> **Work to be completed**
Begin at the line below that holds "Calvin Klein Leren" and end at the line that holds "BESTCARE Recessed Shelf: Stainless", transcribing each line exactly and skipping any picture.

> **Information given**

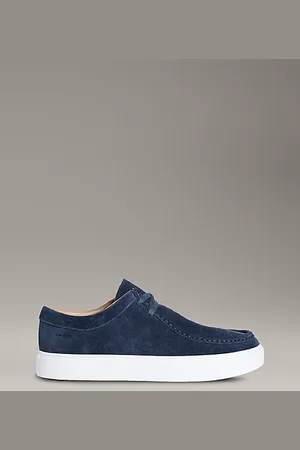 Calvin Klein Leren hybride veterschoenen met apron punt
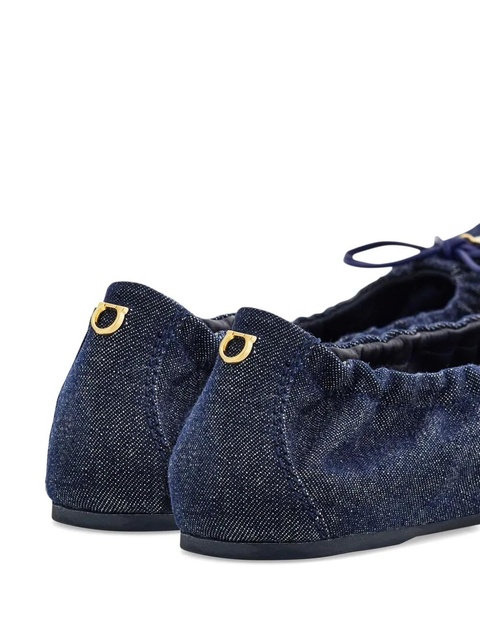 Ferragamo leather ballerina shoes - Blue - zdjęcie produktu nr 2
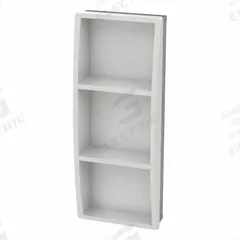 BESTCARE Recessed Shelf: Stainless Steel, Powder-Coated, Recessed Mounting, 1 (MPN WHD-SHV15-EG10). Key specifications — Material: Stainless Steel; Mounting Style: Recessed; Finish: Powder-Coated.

--

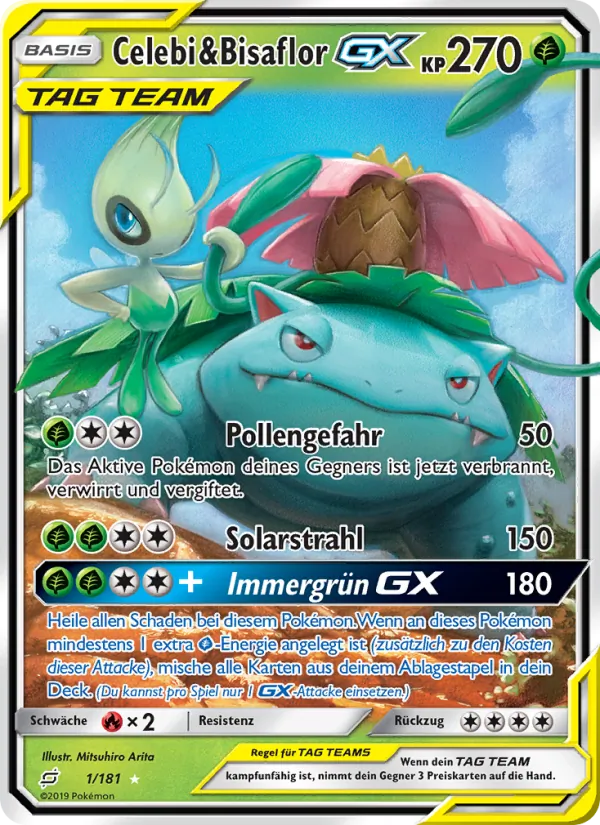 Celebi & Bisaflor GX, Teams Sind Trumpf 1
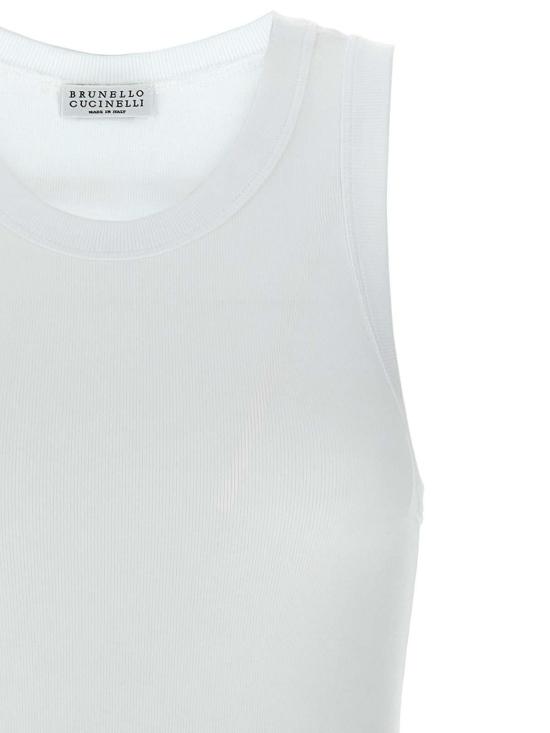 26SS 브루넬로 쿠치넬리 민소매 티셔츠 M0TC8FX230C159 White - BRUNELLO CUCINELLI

> **Solved exercise**
 Calvin Klein Leren hybride veterschoenen met apron punt
 Ferragamo leather ballerina shoes - Blue - zdjęcie produktu nr 2
 BESTCARE Recessed Shelf: Stainless Steel, Powder-Coated, Recessed Mounting, 1 (MPN WHD-SHV15-EG10). Key specifications — Material: Stainless Steel; Mounting Style: Recessed; Finish: Powder-Coated.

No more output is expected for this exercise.